L’OBJET DE LA CONTESTATION
[4] Le travailleur demande au tribunal de déclarer qu’il a subi une lésion professionnelle le 31 mai 2012.
L’AVIS DES MEMBRES
[5] Le membre issu des associations d’employeurs est d’avis que la requête du travailleur devrait être rejetée. En effet, il estime que le travailleur effectue une grande variété de tâches sur une base journalière, ce qui lui permet de bénéficier de nombreuses pauses et micropauses. Il considère donc que le syndrome du canal carpien bilatéral diagnostiqué n’est pas le reflet d’une maladie professionnelle.
[6] Le membre issu des associations syndicales est plutôt d’avis que la requête du travailleur devrait être accueillie. Il accorde beaucoup d’importance à la description des tâches faite par le travailleur à l’audience. Aussi, il constate que, selon la littérature médicale déposée, la majorité de ces tâches sont exigeantes pour les poignets. Il conclut que la pathologie diagnostiquée est reliée directement aux risques particuliers du travail d’électricien exercé par le travailleur.
LES FAITS ET LES MOTIFS
[7] Au départ, il paraît opportun de faire un rappel des faits mis en preuve en tenant compte du témoignage du travailleur et des documents au dossier, incluant ceux qui ont été déposés en cours d’audience.

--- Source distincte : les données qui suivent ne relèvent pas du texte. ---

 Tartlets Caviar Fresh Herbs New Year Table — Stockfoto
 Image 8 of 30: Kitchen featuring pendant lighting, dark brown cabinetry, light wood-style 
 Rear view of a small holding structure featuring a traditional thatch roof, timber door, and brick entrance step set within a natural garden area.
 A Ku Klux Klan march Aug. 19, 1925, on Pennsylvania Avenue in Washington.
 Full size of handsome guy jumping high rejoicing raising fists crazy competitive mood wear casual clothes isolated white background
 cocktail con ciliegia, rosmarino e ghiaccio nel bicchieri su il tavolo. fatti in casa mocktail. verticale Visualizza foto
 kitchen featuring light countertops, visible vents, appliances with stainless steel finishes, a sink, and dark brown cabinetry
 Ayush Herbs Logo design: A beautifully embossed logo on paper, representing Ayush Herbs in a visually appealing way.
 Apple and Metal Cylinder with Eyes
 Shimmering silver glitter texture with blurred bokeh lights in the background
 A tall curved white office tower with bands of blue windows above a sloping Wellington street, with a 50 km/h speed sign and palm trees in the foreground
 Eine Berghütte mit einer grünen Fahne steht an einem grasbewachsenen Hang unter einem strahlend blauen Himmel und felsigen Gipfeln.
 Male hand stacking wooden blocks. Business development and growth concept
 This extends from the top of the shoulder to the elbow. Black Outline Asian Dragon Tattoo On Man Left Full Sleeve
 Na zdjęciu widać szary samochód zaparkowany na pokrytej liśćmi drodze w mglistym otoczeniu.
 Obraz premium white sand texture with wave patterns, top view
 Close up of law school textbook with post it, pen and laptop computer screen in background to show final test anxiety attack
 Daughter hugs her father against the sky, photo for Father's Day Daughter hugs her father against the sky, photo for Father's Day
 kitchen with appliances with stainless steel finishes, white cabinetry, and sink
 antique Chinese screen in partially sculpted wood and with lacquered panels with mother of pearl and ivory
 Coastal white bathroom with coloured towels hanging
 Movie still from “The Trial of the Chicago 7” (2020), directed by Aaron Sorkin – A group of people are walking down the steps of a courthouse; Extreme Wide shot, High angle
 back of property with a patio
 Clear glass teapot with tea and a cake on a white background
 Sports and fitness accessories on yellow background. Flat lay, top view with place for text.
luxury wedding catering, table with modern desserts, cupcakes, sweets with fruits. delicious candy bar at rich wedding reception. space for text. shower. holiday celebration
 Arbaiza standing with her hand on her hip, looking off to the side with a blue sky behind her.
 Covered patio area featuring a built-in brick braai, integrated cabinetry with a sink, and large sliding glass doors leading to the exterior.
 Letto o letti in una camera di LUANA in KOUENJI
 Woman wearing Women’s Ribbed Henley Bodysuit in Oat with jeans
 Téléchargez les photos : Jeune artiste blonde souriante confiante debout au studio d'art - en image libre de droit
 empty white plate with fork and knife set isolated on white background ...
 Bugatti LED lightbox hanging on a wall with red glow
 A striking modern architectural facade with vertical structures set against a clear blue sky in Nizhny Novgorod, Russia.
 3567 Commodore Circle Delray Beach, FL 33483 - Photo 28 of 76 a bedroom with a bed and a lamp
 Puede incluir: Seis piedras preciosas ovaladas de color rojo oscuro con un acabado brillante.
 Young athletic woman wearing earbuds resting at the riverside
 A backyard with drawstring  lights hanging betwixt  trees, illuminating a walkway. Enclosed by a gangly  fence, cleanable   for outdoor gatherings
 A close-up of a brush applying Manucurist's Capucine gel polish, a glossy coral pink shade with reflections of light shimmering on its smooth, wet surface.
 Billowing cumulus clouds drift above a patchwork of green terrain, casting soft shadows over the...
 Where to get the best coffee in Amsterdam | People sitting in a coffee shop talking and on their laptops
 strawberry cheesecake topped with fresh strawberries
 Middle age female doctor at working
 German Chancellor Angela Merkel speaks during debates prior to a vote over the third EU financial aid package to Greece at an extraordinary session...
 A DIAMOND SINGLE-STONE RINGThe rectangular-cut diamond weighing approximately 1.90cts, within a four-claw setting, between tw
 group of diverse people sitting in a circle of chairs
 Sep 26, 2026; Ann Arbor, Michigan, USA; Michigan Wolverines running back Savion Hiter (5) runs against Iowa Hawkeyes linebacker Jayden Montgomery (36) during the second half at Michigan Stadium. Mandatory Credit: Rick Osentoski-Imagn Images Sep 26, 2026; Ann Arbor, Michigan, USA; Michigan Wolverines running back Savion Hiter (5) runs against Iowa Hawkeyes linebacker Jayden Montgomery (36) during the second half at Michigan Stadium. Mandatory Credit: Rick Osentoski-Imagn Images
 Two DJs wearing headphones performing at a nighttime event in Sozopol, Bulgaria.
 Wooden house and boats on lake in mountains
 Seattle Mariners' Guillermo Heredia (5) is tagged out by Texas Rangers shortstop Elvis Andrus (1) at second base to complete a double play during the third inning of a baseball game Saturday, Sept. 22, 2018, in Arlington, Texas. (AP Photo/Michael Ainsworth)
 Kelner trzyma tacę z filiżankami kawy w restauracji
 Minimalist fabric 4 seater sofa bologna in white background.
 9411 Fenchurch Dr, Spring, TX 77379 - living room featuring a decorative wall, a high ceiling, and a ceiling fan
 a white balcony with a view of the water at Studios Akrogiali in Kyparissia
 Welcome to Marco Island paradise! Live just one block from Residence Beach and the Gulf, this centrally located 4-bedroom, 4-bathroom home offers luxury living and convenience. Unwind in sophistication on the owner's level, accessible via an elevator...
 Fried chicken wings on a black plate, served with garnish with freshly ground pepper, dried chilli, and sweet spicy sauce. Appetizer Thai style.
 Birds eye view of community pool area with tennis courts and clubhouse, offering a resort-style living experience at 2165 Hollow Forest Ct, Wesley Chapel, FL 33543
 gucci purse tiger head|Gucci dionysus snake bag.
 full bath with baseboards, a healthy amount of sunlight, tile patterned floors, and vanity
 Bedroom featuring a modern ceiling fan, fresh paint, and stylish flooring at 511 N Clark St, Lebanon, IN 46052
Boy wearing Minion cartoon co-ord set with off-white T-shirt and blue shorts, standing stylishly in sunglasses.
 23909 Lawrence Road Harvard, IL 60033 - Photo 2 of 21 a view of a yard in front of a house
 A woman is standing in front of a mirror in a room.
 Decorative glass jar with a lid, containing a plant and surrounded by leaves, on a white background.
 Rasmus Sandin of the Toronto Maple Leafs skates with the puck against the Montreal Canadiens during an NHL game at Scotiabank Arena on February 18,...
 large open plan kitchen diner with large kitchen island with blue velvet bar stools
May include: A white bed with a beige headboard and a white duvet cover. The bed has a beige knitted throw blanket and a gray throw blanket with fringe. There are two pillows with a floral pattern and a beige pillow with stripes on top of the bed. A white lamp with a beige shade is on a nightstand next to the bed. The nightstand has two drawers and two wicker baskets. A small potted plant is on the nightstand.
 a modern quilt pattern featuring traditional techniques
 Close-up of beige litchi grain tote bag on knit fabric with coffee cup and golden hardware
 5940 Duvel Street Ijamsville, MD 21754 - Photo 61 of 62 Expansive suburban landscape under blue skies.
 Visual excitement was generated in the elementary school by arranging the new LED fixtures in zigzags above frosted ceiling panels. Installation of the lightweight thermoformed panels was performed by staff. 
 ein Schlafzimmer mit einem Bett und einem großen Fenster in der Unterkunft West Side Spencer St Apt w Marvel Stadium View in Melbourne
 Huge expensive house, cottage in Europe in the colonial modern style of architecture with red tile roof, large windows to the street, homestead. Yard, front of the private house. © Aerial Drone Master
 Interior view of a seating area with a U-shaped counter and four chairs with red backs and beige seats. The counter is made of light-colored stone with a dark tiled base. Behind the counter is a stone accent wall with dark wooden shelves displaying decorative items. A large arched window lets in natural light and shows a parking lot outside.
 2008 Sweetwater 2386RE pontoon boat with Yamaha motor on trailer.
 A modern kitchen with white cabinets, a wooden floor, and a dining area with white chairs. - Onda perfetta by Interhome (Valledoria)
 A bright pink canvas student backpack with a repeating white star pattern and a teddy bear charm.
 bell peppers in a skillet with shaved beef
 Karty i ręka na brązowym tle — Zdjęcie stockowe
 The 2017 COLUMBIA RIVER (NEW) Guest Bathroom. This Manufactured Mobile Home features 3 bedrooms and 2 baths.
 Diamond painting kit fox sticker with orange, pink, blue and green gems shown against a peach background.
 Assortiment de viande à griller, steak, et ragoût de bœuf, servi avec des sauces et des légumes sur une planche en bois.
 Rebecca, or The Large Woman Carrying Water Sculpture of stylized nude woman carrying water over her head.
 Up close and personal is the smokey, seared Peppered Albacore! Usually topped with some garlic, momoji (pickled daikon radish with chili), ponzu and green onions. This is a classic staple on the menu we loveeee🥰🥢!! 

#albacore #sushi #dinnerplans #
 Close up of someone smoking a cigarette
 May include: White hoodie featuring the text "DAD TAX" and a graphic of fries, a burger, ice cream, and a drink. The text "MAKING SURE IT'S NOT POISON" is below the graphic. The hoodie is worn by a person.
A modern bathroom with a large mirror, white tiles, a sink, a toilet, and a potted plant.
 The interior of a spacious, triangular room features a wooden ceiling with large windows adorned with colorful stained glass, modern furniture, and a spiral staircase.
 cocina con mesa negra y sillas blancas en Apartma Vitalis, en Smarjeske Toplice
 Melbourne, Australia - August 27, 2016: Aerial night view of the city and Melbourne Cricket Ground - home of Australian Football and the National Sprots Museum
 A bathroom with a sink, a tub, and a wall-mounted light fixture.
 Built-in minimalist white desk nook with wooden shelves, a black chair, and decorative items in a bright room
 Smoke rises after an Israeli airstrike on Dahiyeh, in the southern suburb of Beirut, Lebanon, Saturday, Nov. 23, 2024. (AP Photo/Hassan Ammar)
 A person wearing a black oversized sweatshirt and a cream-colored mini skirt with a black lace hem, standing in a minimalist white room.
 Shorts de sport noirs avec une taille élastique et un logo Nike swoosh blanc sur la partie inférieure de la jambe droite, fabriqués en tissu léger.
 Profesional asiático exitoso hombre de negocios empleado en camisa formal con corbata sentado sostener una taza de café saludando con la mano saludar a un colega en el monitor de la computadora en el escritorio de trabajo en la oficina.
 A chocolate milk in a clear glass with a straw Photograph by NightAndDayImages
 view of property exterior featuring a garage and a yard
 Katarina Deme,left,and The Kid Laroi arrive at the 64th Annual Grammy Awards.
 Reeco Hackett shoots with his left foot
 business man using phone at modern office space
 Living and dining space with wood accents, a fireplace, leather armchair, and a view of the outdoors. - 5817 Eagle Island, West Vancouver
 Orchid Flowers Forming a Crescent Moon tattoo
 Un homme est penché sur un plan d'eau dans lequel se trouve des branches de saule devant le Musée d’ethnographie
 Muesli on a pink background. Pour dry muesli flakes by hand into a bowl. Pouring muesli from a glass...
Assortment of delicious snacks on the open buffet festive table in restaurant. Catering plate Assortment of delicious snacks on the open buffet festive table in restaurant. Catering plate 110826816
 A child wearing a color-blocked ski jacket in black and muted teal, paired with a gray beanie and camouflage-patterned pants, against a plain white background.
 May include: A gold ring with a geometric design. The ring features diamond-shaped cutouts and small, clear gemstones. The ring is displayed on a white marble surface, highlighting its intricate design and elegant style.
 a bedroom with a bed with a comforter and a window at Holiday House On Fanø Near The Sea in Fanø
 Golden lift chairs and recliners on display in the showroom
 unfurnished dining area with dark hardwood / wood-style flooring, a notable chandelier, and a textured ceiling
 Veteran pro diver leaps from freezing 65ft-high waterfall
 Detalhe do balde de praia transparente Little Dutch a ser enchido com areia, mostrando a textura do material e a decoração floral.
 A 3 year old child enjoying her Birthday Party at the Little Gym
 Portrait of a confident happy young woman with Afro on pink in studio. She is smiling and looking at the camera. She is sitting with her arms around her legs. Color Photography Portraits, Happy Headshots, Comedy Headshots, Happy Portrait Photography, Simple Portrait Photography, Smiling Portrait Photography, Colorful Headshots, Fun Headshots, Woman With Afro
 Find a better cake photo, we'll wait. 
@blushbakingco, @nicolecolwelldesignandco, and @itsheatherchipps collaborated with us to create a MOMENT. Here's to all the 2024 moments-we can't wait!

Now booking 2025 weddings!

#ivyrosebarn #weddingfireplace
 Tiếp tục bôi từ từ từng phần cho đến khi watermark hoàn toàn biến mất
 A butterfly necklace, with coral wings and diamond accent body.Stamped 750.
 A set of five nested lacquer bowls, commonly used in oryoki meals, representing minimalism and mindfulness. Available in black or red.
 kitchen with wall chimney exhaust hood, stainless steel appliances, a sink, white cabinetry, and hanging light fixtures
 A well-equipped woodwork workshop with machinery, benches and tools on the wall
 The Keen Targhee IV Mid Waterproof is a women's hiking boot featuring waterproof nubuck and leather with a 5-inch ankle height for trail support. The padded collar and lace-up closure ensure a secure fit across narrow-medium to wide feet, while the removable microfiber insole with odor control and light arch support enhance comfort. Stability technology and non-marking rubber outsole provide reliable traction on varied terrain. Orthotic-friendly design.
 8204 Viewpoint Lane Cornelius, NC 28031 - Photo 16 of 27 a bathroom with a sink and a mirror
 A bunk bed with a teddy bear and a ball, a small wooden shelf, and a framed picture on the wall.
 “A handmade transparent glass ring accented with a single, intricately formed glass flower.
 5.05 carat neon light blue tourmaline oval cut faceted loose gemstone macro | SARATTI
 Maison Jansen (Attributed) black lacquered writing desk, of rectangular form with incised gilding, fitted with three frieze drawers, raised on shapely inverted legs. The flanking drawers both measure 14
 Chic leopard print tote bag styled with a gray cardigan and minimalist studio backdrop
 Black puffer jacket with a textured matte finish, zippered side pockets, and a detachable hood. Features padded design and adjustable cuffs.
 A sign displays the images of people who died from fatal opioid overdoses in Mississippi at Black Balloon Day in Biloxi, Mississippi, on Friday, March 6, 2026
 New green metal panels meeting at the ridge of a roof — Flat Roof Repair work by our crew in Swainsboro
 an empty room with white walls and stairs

[8] Dès à présent, le tribunal souligne que le témoignage du travailleur est apparu hautement crédible. Il a eu un comportement irréprochable et a répondu aux questions sans réticence apparente et sans chercher non plus à exagérer la portée de ses propos. En conséquence, il n’y a pas lieu de remettre en question la véracité de sa version.
[9] Le travailleur actuellement âgé de 36 ans et droitier exerce le métier d’électricien de construction depuis le début des années 2000. Durant cette période, il a travaillé près de 17 000 heures pour quatorze employeurs différents, principalement dans les domaines commercial, industriel et institutionnel, mais aussi un peu dans le domaine résidentiel. Il a notamment travaillé sur des chantiers dans le Grand Nord durant plusieurs hivers.
[10] Le travailleur n’a pas d’antécédents médicaux se rapportant aux membres supérieurs.
[11] Au printemps 2012, le travailleur commence à ressentir des douleurs et des engourdissements dans les bras ainsi que des paresthésies aux deux mains avec diminution de la force musculaire et de la dextérité manuelle. Les symptômes se manifestent d’abord du côté droit, s’intensifient progressivement et s’étendent ensuite du côté gauche.
[12] Le 31 mai 2012, devant la persistance des symptômes, le travailleur consulte son médecin, le docteur Jean Du Tremblay. Celui-ci rédige une attestation médicale initiale dans laquelle il fait mention d’un diagnostic de syndrome du canal carpien bilatéral sévère.
[13] Le travailleur cesse de travailler à compter de cette date et reçoit divers traitements, notamment une infiltration au poignet droit.
[14] Le 20 juin 2012, à la suggestion du docteur Du Tremblay, le travailleur consulte le docteur Matthias Georg Ziller, neurologue. Ce dernier lui fait passer un examen neurophysiologique. Le compte rendu de cet examen confirme la présence d’un syndrome du canal carpien touchant les nerfs médians droit et gauche. Il y est précisé que l’atteinte est un peu plus marquée du côté gauche.
[15] À cette époque, le travailleur dépose à la CSST une réclamation dans laquelle il allègue que la pathologie diagnostiquée est une maladie professionnelle reliée à l’exercice de son métier. Il joint à sa réclamation une annexe dans laquelle il apporte certaines précisions au sujet de l’évolution de sa condition et des conditions d’exercice de son travail.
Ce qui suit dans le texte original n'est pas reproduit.